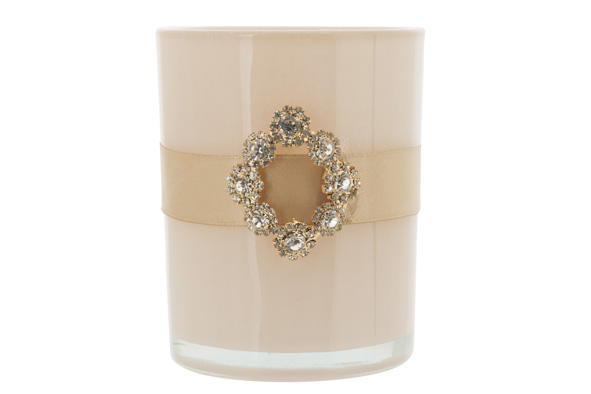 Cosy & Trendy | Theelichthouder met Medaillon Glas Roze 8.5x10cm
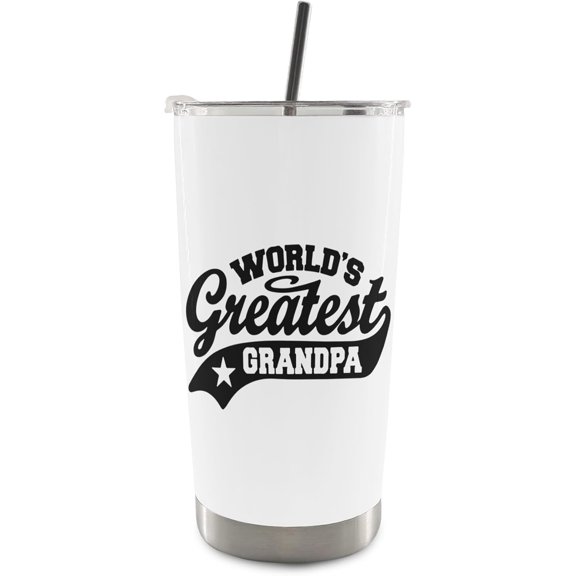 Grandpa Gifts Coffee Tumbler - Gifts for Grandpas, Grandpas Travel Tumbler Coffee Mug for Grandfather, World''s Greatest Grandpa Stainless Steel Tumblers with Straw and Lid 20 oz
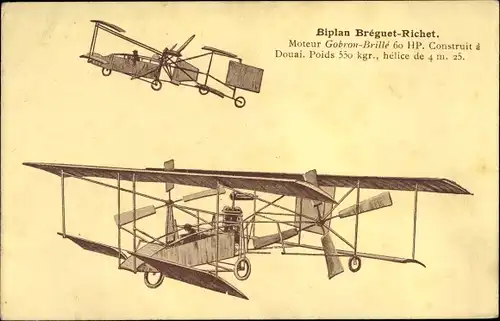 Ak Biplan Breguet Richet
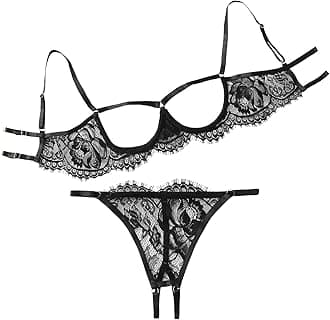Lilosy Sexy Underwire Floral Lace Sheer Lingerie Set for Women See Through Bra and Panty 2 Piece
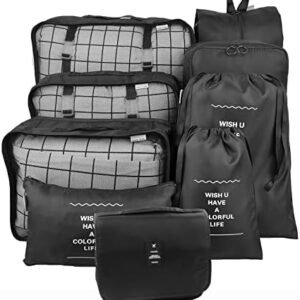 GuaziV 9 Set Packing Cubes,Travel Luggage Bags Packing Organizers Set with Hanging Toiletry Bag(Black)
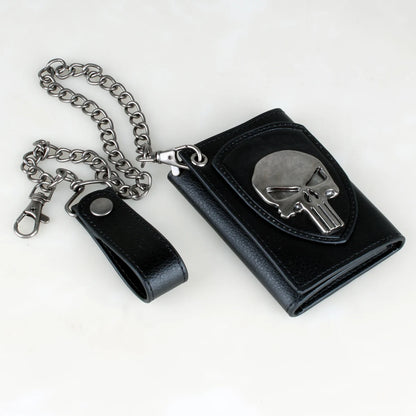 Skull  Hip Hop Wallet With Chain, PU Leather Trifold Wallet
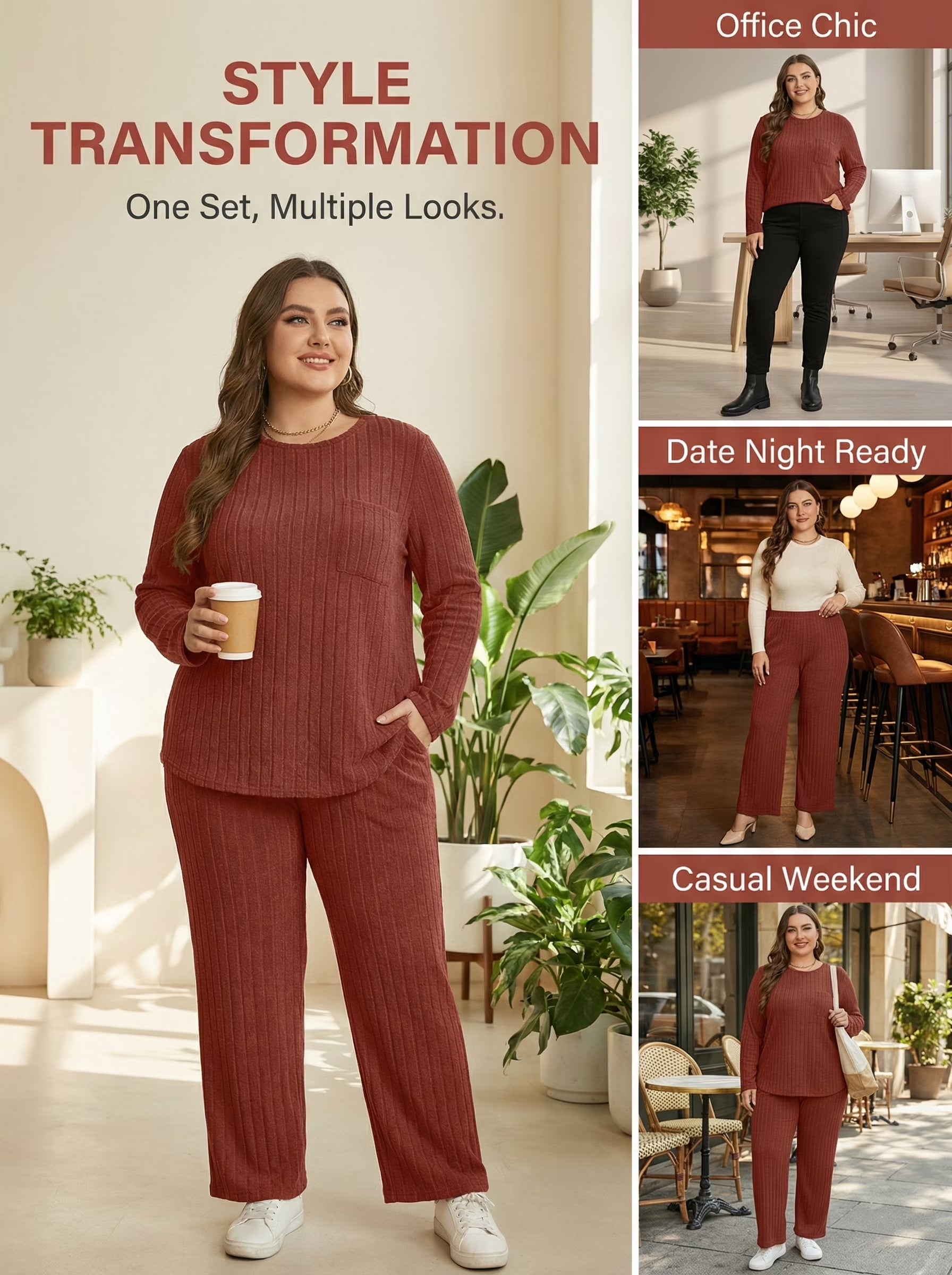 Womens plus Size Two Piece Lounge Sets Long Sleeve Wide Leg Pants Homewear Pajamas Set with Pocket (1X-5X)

> _What this task involves_
The entries must be written out again unchanged. Images are to be left out.

> _Answer to the problem_
 Cosy & Trendy | Theelichthouder met Medaillon Glas Roze 8.5x10cm
 Grandpa Gifts Coffee Tumbler - Gifts for Grandpas, Grandpas Travel Tumbler Coffee Mug for Grandfather, World''s Greatest Grandpa Stainless Steel Tumblers with Straw and Lid 20 oz
 Ak Biplan Breguet Richet
Lilosy Sexy Underwire Floral Lace Sheer Lingerie Set for Women See Through Bra and Panty 2 Piece
 GuaziV 9 Set Packing Cubes,Travel Luggage Bags Packing Organizers Set with Hanging Toiletry Bag(Black)
 Skull  Hip Hop Wallet With Chain, PU Leather Trifold Wallet
 Womens plus Size Two Piece Lounge Sets Long Sleeve Wide Leg Pants Homewear Pajamas Set with Pocket (1X-5X)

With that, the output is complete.